= PROBLEM TO SOLVE =
Copy the listing exactly, please, and keep every picture out of it.

= DATASET EXTRACT =

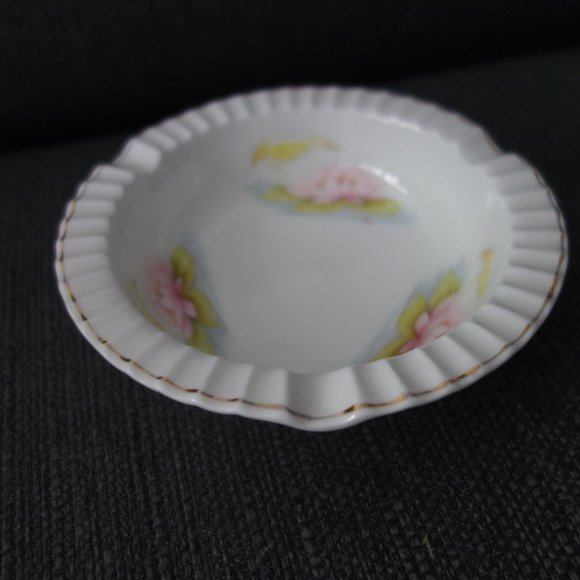 Vintage Ceramic Ash Tray - Picture 3 of 8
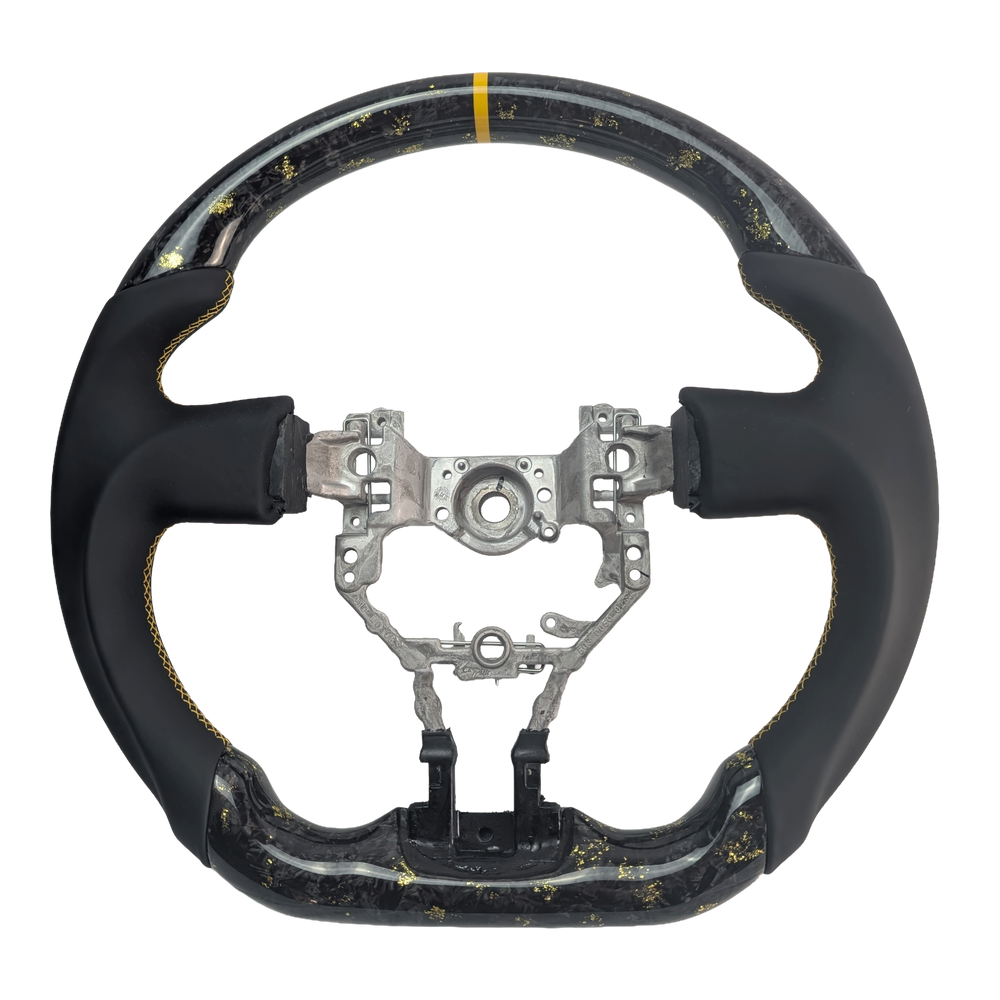 Forged Carbon mit Goldflakes, gelber Naht und Echtleder als Grifffläche
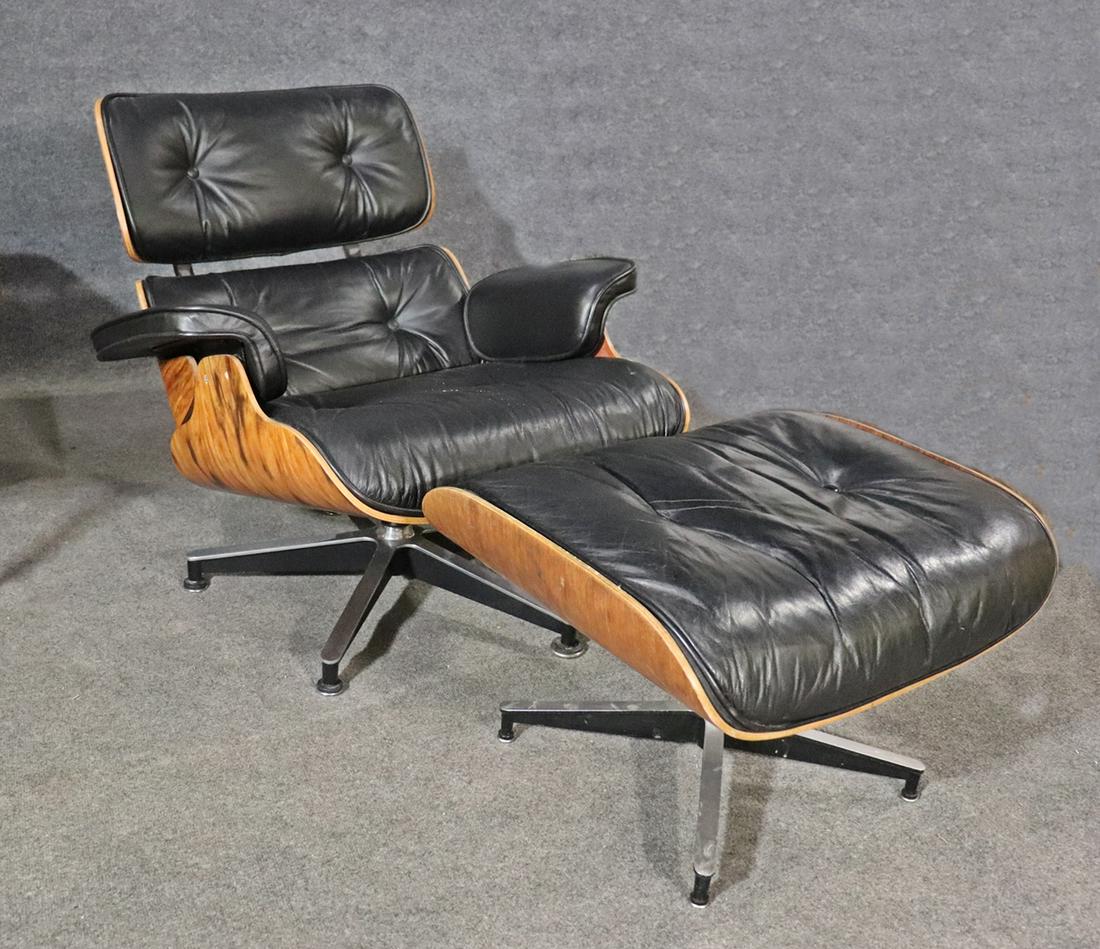 EAMES CHAIR & OTTOMAN (1 of 14)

= YOUR RESPONSE =
 Vintage Ceramic Ash Tray - Picture 3 of 8
 Forged Carbon mit Goldflakes, gelber Naht und Echtleder als Grifffläche
 EAMES CHAIR & OTTOMAN (1 of 14)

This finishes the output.